Massachusetts Representative | Teacher Turned Legislator

By Mikel Chavers
The phrase “teaching to the test” is not something that’s in Massachusetts Rep. Antonio Cabral’s vocabulary list—at least it’s not something he would ever grade as passing.
As a former public school teacher of social studies and foreign languages, and now full-time legislator, Cabral knows well teachers aren’t the only ones who should be held accountable for student and school performance. In a world where accountability is a hot button issue for education debates in the legislature and schools alike, Cabral brings his experience as a teacher to the policymaking process.
“Any school that might be designated as underperforming is not just due to the teachers,” Cabral said. “It is not the intention to hold just one sector of a school accountable. I think teachers are very important—without a teacher, you can have all the books you want, but you’re not going to get much achieved.”
Teaching is a calling, he said.
Although standards and measuring tools are important to get a sense that a school and its students are learning what they need to learn according to curriculum standards, Cabral said, at the same time teachers’ hands shouldn’t be tied to meet certain numbers for a certain test.
“Sometimes when we talk about standards, we get sort of bogged down on tools that we think the average person can almost touch and feel—and teaching is not that kind of profession.
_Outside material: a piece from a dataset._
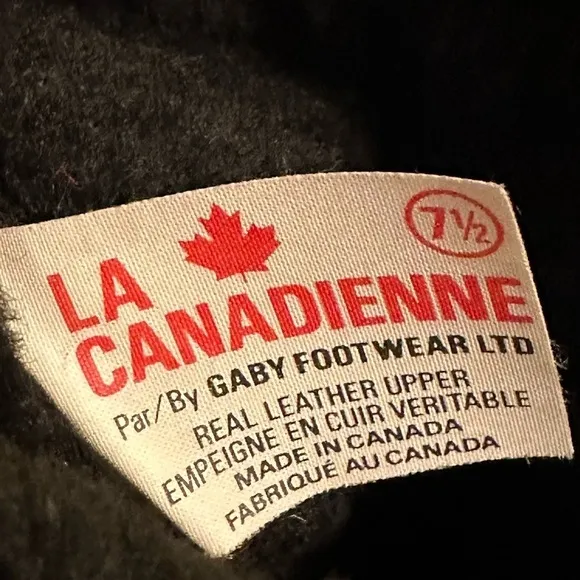 La Canadienne Black Soft Leather Winter Boots Sherpa Lined Size 7.5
You’ve got to allow some freedom in the classroom … because teaching is a creative thing,” Cabral said.
“You should not be teaching to a particular test.”
In every educational reform debate in Massachusetts, Cabral shares his classroom experience. Whether it’s debating the state’s exit exam or whether superintendants or school councils have the power to dismiss teachers outright, Cabral and fellow colleagues who are former teachers bring a unique voice to the table.
“When we talk, people listen, and that’s rewarding,” Cabral said. “And we don’t win every debate but it’s very rewarding to know that colleagues take our life experiences into consideration.”